Bruce Kratky said...

Sin. Those responsible for it will reap what they sew.

Bruce Kratky said...

When you think about it, on a deeply personal level, what kind of mentality must one have to move into a building acquired in such a fashion. Let us make believe that the Israeli courts have made this decision on a morally acceptable basis. Let's assume that the whole world thinks that taking away the fifty year residence of a family is no worse than "ethically neutral". How, in God's name, could an adult man or woman sleep in such a place? I know full well that I could not.

Yet, I sleep in my home of twenty-four years on land most likely appropriated by fraud from native Americans. Still there is a difference. One hundred and sixty years have past since the land we live on was appropriated for the purposes of the State of Minnesota, United States of America. We purchased the building within accepted norms of economic behavior into which I was born. The previous owners sold the house to us on a purely voluntary basis. They built it. In fact, they initiated the transaction. More importantly, they were overjoyed at the price they received for the property and immediately purchased another property more suitable to their life's changing needs.
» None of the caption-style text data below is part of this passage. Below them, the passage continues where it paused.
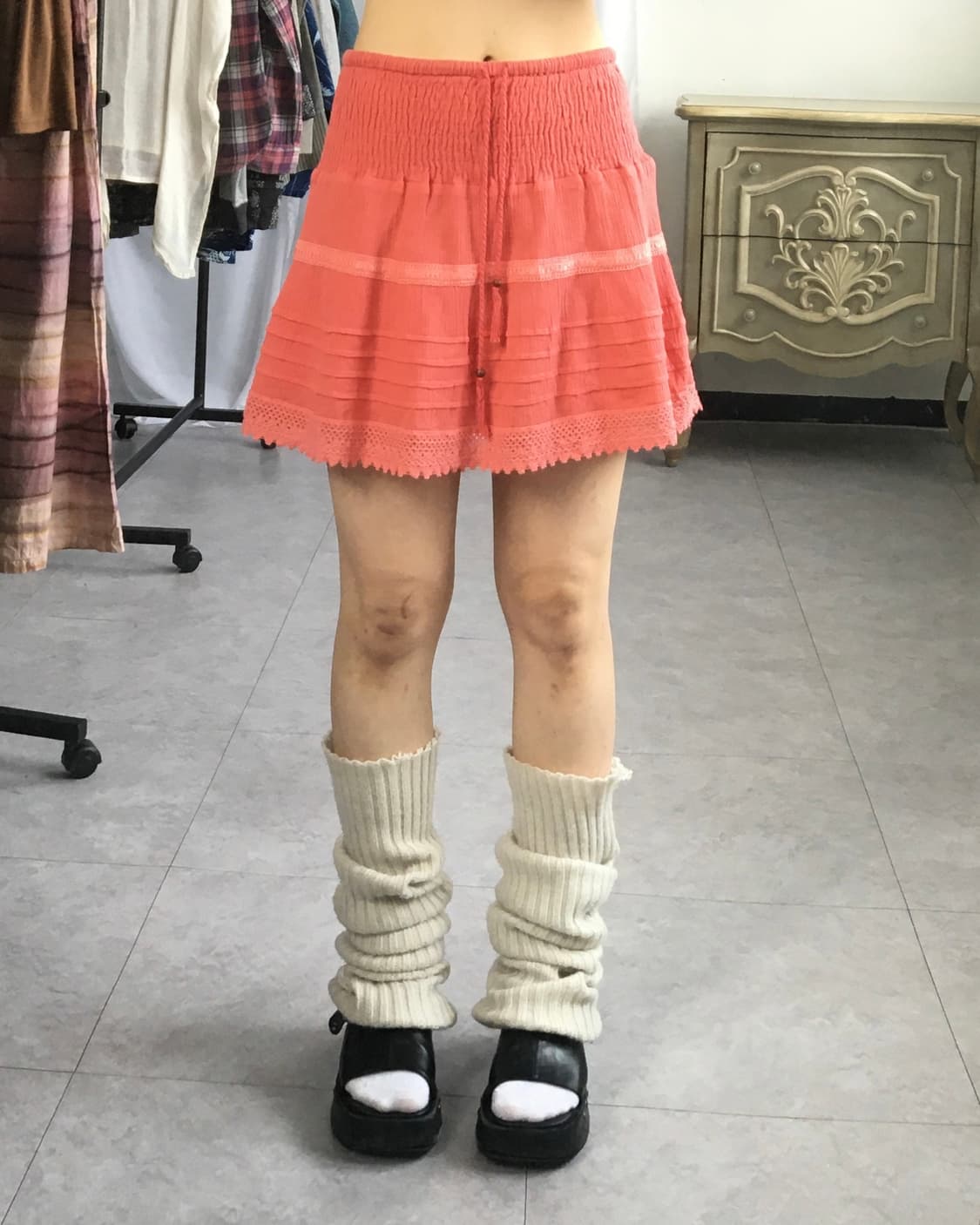 Crochet trimming skirt 상품이미지4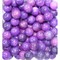 Бусины 12 мм из фиолетового чароита (халцедона) имитация цена за 1 шт - фото 164754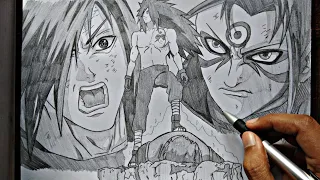 How To Draw Madara Vs Hashirama | Step By Step | Naruto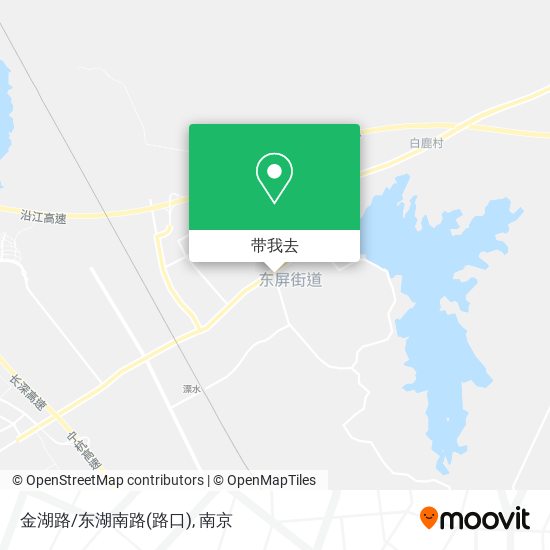 金湖路/东湖南路(路口)地图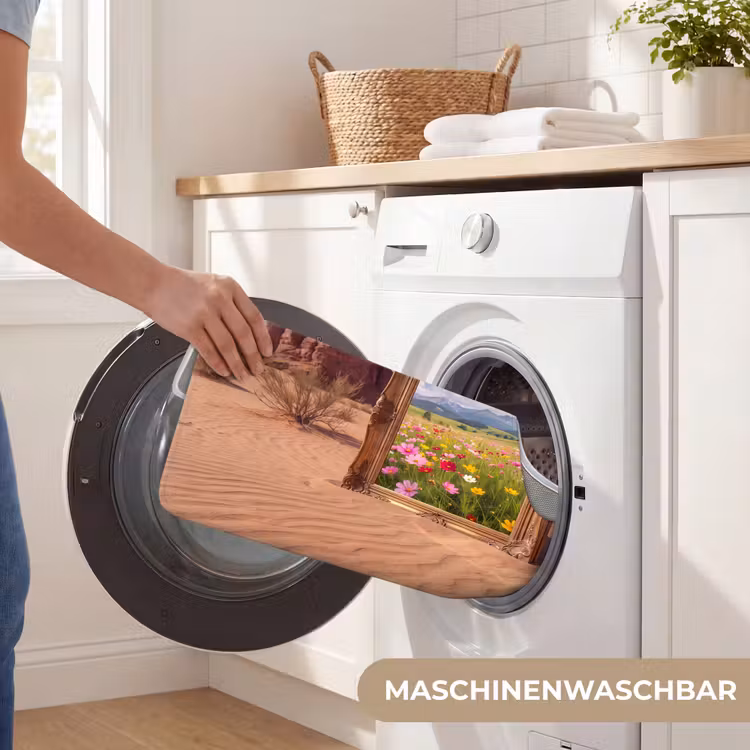 WC Vorleger - Rahmen – Wüste – Blumen — 7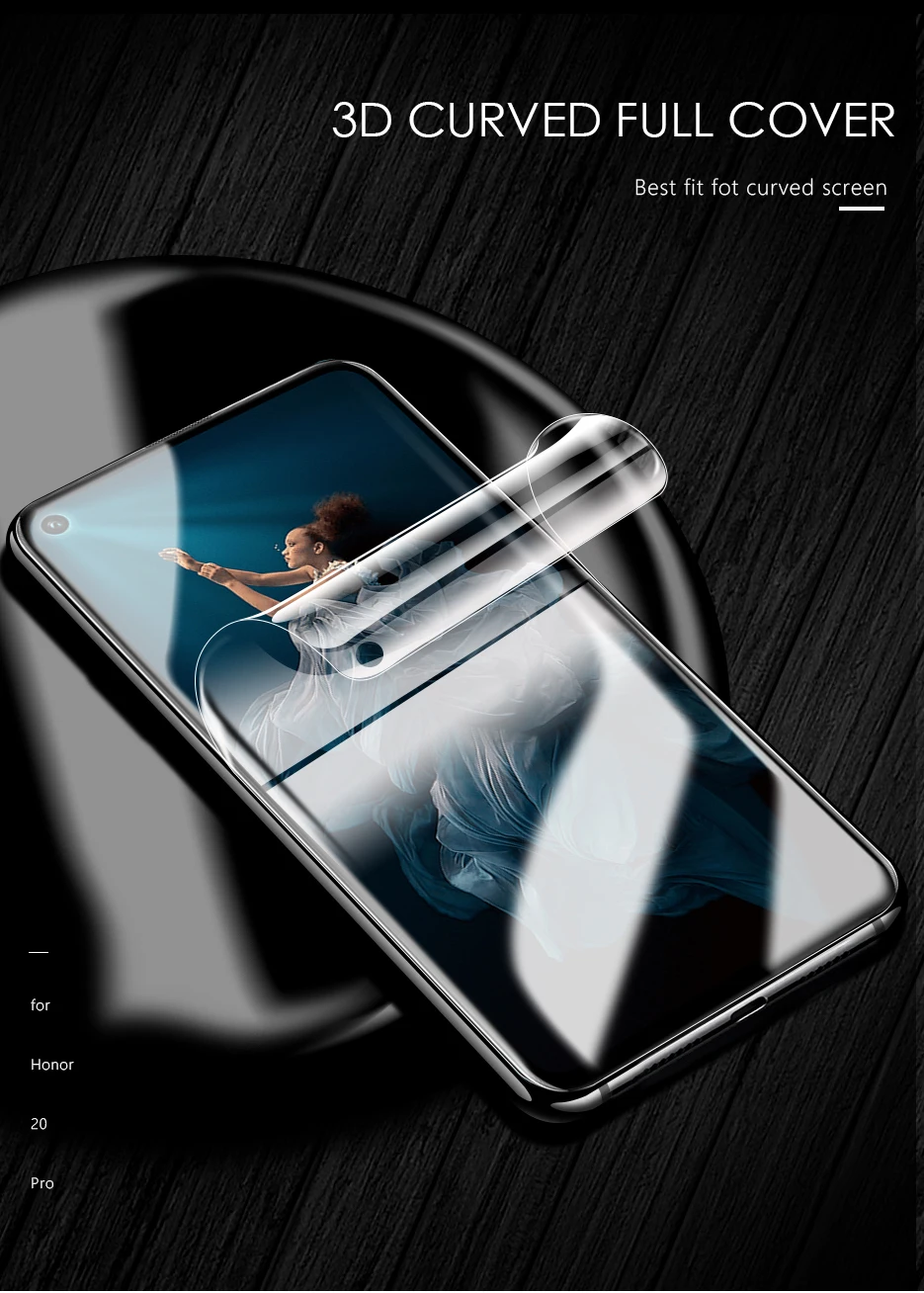 CHYI 3D изогнутая пленка для Honor 20 Pro защита экрана Honor20 lite Полное покрытие нано Гидрогелевая пленка с инструментами не закаленное стекло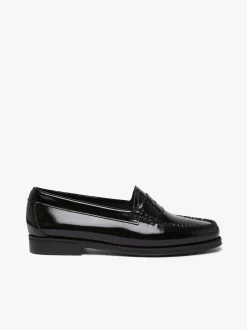 Clearance Easy Weejuns Penny Loafers Black Patent Leather Women Penny Loafers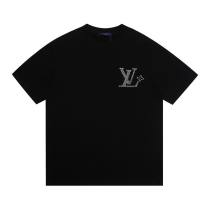 LV Short Round Collar T-shirt S-XL (16) LV Short Round Collar T-shirt S-XL (16)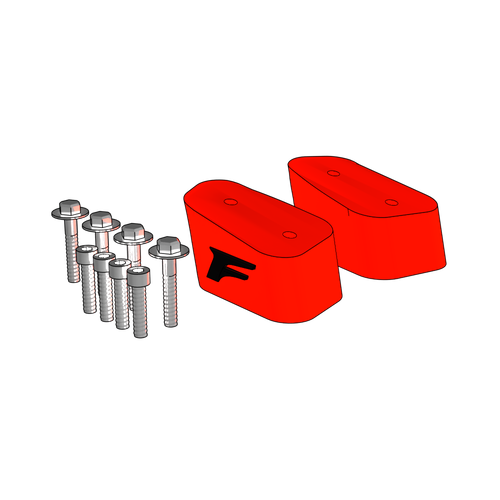RC-F 30mm rear-wing extenders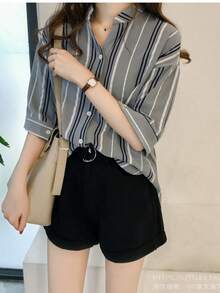 Women Blouses & Shirts - Blue - View 3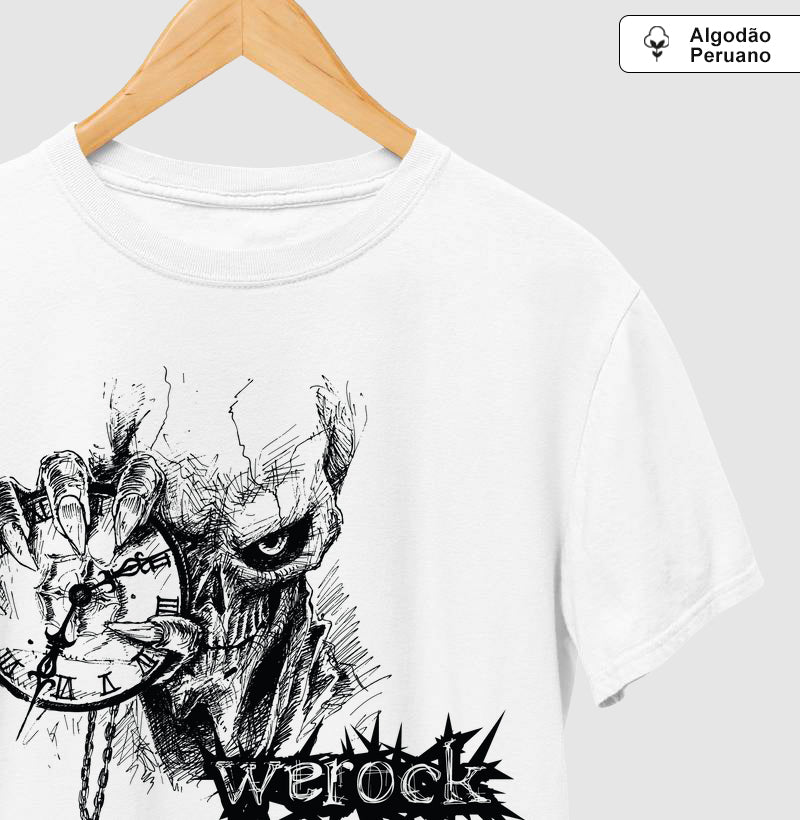 camiseta algodão peruano werock time masculina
Though historically my land has blood or sin associated with it the ghosts that live here with us are very, very old and abstract.

And what land has no blood in it? Not one acre on this planet. And the process the Israelis are using... not so different to what was used on their populations in Egypt, Tunis, Persia, Russia, France, Germany, England. What goes around, comes around. No doubt there is a reaping going on here, but there is another sewing happening too. I am reminded:

"This world is not my home, I'm just a passing through. My treasures are laid out, somewhere beyond the blood. The angels beckon me, from heaven's open doors. And, I can't feel at home in this world any more."

Andrew said...

I have definitely thought about this idea as well. As Americans our lands are equally stolen and founded on the bloodshed of Native Americans and others. Does it make it more right that it was centuries ago? Nope, definitely not, but the opposite does seem to be to be more wrong when it occurs in the present, wherever it may be. In a period where our ethics and morals have supposedly evolved into something more humane. Perhaps we haven't changed at all.

Bruce Kratky said...

Andrew, we have not changed at all. That is what I feel is the sad reality of the Middle East and so many other places. We westerners have a most insulated view of life compared to many of the cultures of the world. Some of my insulation was peeled off when we were in Cairo together. Thank you.

Though you enjoy Cairo and have come to love some of its people... life there can be very brutal. Little time to think. Little time to read and study. Little time to consider the finer points of history and to learn from them. When I said "we" in the first sentence I meant humanity in general. So much of humanity's time is spent on simple survival. Maslow's hierarchy of needs shows that most are still looking for shelter, water, food. They are not into the "self actualization" in life that perhaps you and I have been privileged to experience. I am haunted by some of the scenes in Cairo, in a good way spiritually, yet I know that what I saw there was relative wealth compared to so many other places. You know this much better than I.

I think the leadership in Israel sees these points I make. I think they feel they are dealing with very primitive instincts in those who oppose them. Certainly they believe, reasonably so, that these ancient animosities if left unchecked would lead to their extermination. That some Jews use this for wrong is a point I would concede. That all Jews act wrongly and rationalize violence toward others based on fear I do not accept. I do know that many Jews, particularly the elders, fear for their young, that their youth, never having experienced the concentration camps, will revert their nation into the oppressor. At some level they are there now. But, they do, I feel, have a national conscience that at some level fears God.

We must continually pray for all. We must somehow try to do better and help others to do better. We must find what is the ultimate expression of love to both Jew and Palestinian. For my take... they need to learn and experience "grace."